A Constituição de 1946 adotou o mesmo modelo de governança eleitoral: "regra da interseção" com o Judiciário, concentração das atividades da governança e blindagem da interferência política. Desde então esse modelo persiste. Passamos pelo período democrático de 1946 a 1964, pelo regime militar e pela redemocratização, culminando na Constituição de 1988, e pouco desse modelo foi alterado. Sadek (1995) argumenta que foi a manutenção desse modelo que permitiu que a longa transição do regime militar para a democracia seguisse um caminho menos tortuoso: A justiça eleitoral desempenhou um papel fundamental no processo de transição. Foi um ator mudo, porém decisivo, como fiador da lisura dos resultados eleitorais. Sem uma instituição dessa natureza, dificilmente haveria confiança na competição, ainda mais levando-se em conta as restrições políticas e legais da época. O caminho para a normalidade democrática teria sido muito mais tortuoso, para dizer o mínimo, sem o respeito aos resultados saídos das urnas (ibidem:41).

De fato, a neutralidade adquirida pelo nosso modelo de governança eleitoral em relação aos interesses políticos foi decisiva para os caminhos tomados pela transição. Estando ausente esse modelo, dificilmente haveria impactos políticos significativos em decorrência daquilo que Lamounier (1988) chamou de "bipartidarismo plebiscitário", quando o bipartidarismo forçado revelava o apoio ao regime, ou a falta dele, em função do desempenho eleitoral da Aliança Renovadora Nacional - Arena (situação) e do Movimento Democrático Brasileiro - MDB (oposição).

Entretanto, o que argumentamos aqui é que a persistência desse modelo ao longo da consolidação democrática vem produzindo a judicialização da competição político-partidária e, além disso, tem possibilitado o avanço do Judiciário em atividades da governança eleitoral típicas do Legislativo, como a produção das regras do jogo competitivo (rule making)5.

Como dito, o OE brasileiro muito pouco mudou desde que foi criado, em 1932. A Constituição de 1988 definiu, em seu art. 118, que os órgãos da Justiça Eleitoral são: 1) Tribunal Superior Eleitoral - TSE; 2) Tribunais Regionais Eleitorais - TREs; 3) Juízes Eleitorais; 4) Juntas Eleitorais.

O TSE é o órgão superior para decisões sobre a administração e a execução do processo eleitoral e a instância máxima para as atividades do rule application na governança eleitoral brasileira. Além disso, é a última instância de recurso do contencioso eleitoral (rule adjudication). É composto de sete membros: três entre os ministros do STF, dois entre os ministros do Superior Tribunal de Justiça - STJ e dois entre cidadãos com notório saber jurídico e idoneidade moral indicados pelo STF e selecionados pelo presidente da República. Esses membros externos são, majoritariamente, advogados que militam na área.

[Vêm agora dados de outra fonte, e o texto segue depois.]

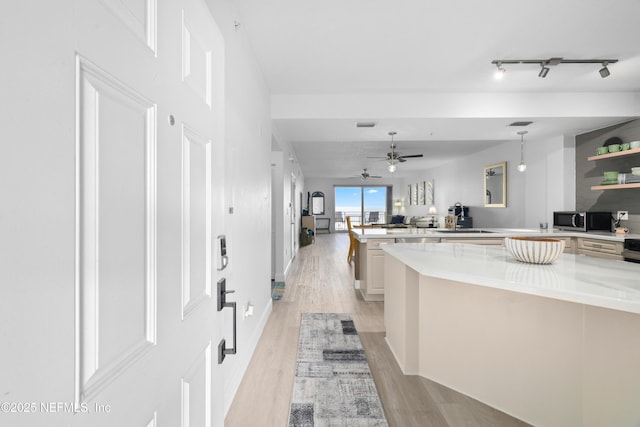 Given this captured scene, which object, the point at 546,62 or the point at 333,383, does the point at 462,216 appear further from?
the point at 333,383

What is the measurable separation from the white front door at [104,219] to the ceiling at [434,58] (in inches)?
75.2

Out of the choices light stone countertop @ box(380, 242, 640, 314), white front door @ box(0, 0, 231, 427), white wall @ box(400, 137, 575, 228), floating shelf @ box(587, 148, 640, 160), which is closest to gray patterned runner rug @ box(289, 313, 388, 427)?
light stone countertop @ box(380, 242, 640, 314)

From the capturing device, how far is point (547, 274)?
1.68m

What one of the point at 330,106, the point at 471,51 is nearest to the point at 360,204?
the point at 330,106

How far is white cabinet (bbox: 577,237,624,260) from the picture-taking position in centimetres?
381

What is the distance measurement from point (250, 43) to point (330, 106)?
1.43m

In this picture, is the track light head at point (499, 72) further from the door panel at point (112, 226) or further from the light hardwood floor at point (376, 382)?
the door panel at point (112, 226)

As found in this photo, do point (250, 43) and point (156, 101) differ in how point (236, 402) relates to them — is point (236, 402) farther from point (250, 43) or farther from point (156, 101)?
point (250, 43)

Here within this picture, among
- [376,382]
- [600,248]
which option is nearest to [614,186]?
[600,248]

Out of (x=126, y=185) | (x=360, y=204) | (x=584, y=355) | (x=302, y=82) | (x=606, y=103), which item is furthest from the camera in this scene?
(x=360, y=204)

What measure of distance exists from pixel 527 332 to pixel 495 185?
5716 mm

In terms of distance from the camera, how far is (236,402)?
2031mm

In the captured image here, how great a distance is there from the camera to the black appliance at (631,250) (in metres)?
3.39

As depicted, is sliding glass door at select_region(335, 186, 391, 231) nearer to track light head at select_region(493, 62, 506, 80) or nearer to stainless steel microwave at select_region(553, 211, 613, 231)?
stainless steel microwave at select_region(553, 211, 613, 231) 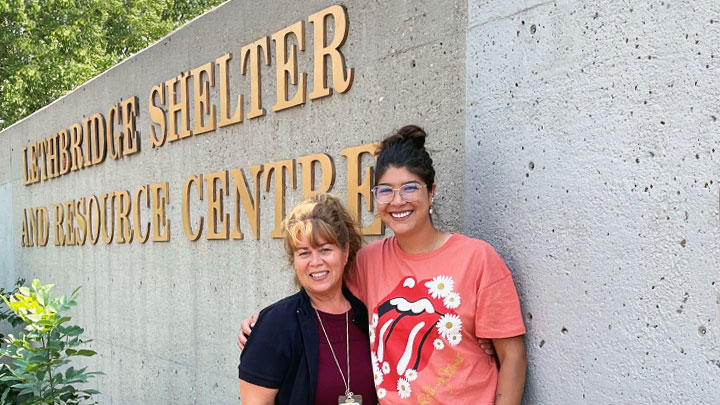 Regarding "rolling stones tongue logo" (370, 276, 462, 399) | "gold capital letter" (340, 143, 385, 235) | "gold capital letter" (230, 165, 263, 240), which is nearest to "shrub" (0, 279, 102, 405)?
"gold capital letter" (230, 165, 263, 240)

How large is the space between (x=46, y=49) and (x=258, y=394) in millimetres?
11436

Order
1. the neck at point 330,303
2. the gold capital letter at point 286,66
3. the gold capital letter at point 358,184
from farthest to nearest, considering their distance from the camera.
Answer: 1. the gold capital letter at point 286,66
2. the gold capital letter at point 358,184
3. the neck at point 330,303

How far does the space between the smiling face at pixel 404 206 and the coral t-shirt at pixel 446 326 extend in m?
0.11

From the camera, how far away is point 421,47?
2.95m

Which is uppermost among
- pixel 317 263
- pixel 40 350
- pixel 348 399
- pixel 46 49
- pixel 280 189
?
pixel 46 49

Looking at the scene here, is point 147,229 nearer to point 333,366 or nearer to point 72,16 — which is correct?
point 333,366

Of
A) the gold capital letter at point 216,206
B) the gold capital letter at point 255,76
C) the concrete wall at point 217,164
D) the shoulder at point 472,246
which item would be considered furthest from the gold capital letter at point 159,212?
the shoulder at point 472,246

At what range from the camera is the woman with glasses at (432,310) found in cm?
221

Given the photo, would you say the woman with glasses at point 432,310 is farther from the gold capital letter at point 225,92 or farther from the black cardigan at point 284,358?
the gold capital letter at point 225,92

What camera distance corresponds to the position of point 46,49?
12148 millimetres

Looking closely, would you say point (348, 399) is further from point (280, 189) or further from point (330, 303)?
point (280, 189)

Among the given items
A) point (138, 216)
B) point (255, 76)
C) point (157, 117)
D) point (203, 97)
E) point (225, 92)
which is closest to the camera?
point (255, 76)

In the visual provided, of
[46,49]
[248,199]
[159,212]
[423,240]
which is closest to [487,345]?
[423,240]

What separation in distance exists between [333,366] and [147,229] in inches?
136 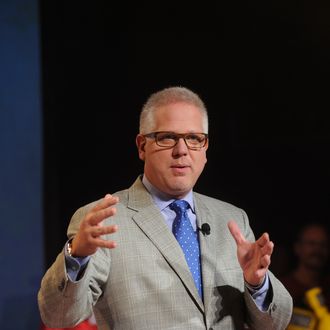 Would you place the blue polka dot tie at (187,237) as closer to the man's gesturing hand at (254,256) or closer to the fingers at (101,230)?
the man's gesturing hand at (254,256)

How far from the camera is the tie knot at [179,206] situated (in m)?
2.04

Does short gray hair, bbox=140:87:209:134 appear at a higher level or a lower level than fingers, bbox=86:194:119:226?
higher

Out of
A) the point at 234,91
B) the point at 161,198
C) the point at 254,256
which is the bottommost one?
the point at 254,256

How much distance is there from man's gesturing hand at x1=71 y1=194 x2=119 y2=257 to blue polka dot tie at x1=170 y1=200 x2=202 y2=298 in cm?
40

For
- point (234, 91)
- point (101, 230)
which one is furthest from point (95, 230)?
point (234, 91)

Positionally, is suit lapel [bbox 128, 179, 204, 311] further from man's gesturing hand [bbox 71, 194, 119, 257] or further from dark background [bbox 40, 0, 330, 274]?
dark background [bbox 40, 0, 330, 274]

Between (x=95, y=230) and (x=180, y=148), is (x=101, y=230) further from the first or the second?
(x=180, y=148)

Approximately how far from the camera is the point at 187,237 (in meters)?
1.99

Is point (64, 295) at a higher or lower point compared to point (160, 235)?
lower

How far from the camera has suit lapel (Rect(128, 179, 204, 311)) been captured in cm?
189

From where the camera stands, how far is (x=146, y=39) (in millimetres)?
3807

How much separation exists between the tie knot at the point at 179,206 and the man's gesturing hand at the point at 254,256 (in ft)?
0.70

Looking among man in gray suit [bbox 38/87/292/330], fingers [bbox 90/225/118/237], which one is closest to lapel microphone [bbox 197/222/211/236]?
man in gray suit [bbox 38/87/292/330]

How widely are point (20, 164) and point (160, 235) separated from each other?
1.53 m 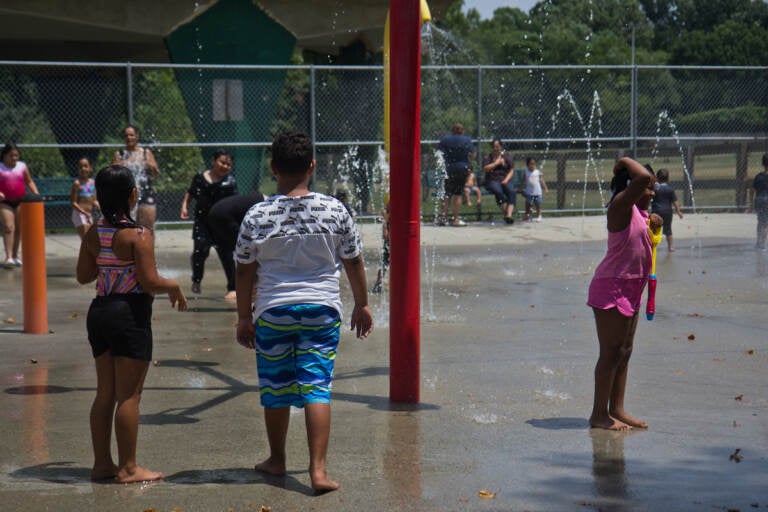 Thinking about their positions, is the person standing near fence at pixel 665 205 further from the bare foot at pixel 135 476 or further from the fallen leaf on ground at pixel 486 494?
the bare foot at pixel 135 476

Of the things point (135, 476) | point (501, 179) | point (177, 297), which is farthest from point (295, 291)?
point (501, 179)

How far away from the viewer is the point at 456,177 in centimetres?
1908

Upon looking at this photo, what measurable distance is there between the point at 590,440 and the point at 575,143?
1680cm

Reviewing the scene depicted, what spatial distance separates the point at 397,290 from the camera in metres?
6.57

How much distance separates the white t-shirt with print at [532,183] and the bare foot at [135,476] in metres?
15.5

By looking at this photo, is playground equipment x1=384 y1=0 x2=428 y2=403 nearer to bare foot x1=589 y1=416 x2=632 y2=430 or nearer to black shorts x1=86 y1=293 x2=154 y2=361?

Os TREs têm sede na capital de todos os estados. Além de participar da administração e da execução do processo eleitoral, é a segunda instância para o contencioso eleitoral. Cada TRE é composto de sete membros: dois selecionados dentre os desembargadores dos Tribunais de Justiça estaduais, dois juízes de direito selecionados pelos Tribunais de Justiça estaduais, um dentre os juízes do Tribunal Regional Federal e dois cidadãos de notório saber jurídico e idoneidade moral indicados pelos Tribunais de Justiça e selecionados pelo presidente da República.

O juiz eleitoral é selecionado pelos TREs dentre os juízes de direito dos estados e sua jurisdição é a Zona Eleitoral. Participa também da administração e da execução do processo eleitoral e funciona como primeira instância para o contencioso eleitoral.

As Juntas Eleitorais são órgãos temporários e servem apenas para a execução do processo eleitoral. Sessenta dias antes das eleições, os TREs selecionam um juiz de direito e de dois a quatro cidadãos com notório saber jurídico e idoneidade moral. Assim, a Junta auxilia o juiz eleitoral a executar os procedimentos necessários para o processo eleitoral em determinada Zona.

Não , na governança eleitoral brasileira, um OE com um corpo de direção próprio e exclusivo. Apesar do TSE, dos TREs e dos Cartórios Eleitorais, em que atuam os juízes eleitorais, serem permanentes e, portanto, contarem com um corpo funcional próprio e estável, os juízes e ministros que se tornam membros da Justiça Eleitoral não são obrigados a se desligar das outras atividades que desempenham nos outros ramos da Justiça, nem mesmo os advogados selecionados são obrigados a interromper suas atividades profissionais6.

Tal perfil pode até criar dificuldades para que a Justiça Eleitoral atenda a todas as demandas das atividades que assume por lei. Exemplo disso são as auditorias que o corpo funcional da Justiça Eleitoral deve realizar sobre os gastos de campanha, uma possível deficiência estrutural que pode comprometer a qualidade do controle (Taylor, 2008).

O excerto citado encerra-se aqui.